Sharks current record: 10-29-3 (.274)
Sharks projected record: 
21-58-3 (.274)
NHL record for worst season in 82-game history:
 14-57-11 (.238)

We have a victory to celebrate this week on Sharks Sterility Stare! The San Jose Sharks broke a 12-game losing streak, their longest of the year, on Thursday with a 3-2 victory in Montréal over the Canadiens. After scoring just 8 times in the prior 7 games, it seems like an offensive miracle to get 3 scores out of this roster on any given night, and it took 33 saves from goaltender Mackenzie Blackwood for this big victory.

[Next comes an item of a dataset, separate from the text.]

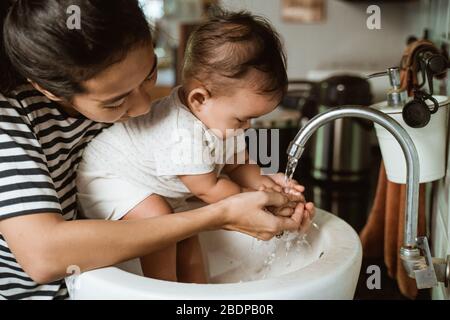 Mutter helfen ihrem Baby, die Hand in der Spüle zu waschen Stockfoto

The team now plays three more games before our next check-in column, and even though they’re all on the road, the Sharks could win each of them—with a little luck: at Ottawa (14-23-0), at Buffalo (18-20-4), and at Chicago (12-28-4). We can’t expect San Jose to rip off 4 straight wins, of course, so let’s just guess that maybe the team can beat the Senators and the Blackhawks. Asking them to beat the Sabres, too, maybe a lot.

But winning and losing can be contagious, and maybe with a little more jump in their skates, San Jose can pull off another run like it did from mid-November to mid-December when it played .500 hockey for awhile and looked like an organization that belonged. One thing to focus on is Blackwood’s quality-start percentage (13 of 24), compared to backup Kaapo Kähkönen (8 of 17). Blackwood is the best chance for more victories.

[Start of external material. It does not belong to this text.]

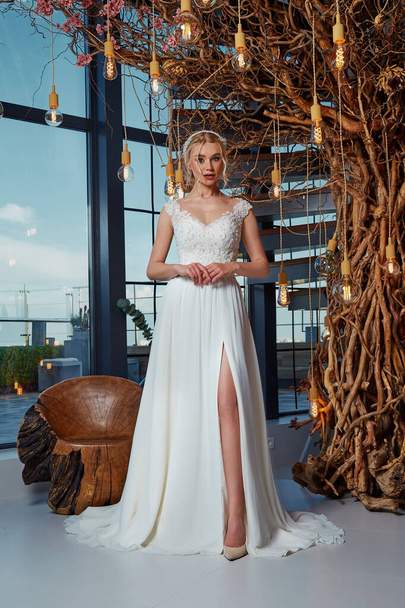 Sexy beautiful blonde woman pretty bride wedding big day marriage ceremony in summer garden wearing long silk and lace white dress bright makeup hairstyle pure love interior. - Foto, imagen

Yet he can’t start every night, of course, and the defense is still a literal sieve in front of him. The Sharks are giving up 35.5 shots on goal per game, the worst figure in the NHL, of course. San Jose also has the worst penalty kill in the league right now, too, at just 72.7 percent. These are fatal flaws for any team, but when you combine it with the reality that the Sharks have the least number of shots on goal this year? Yeah, disaster.

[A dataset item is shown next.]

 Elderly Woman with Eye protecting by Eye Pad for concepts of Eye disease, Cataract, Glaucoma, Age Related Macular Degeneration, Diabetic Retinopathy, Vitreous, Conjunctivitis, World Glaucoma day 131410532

On paper, this is the worst team in the NHL—yet Chicago is not ahead of San Jose by that much in the Western Conference standings. We believe Head Coach David Quinn can pull the Sharks back up a bit, again, like he did earlier this season. The team only needs a few more wins to avoid worst-ever status, and we know Quinn has the ability. This may just come down to how bad the San Jose skaters want it, you know?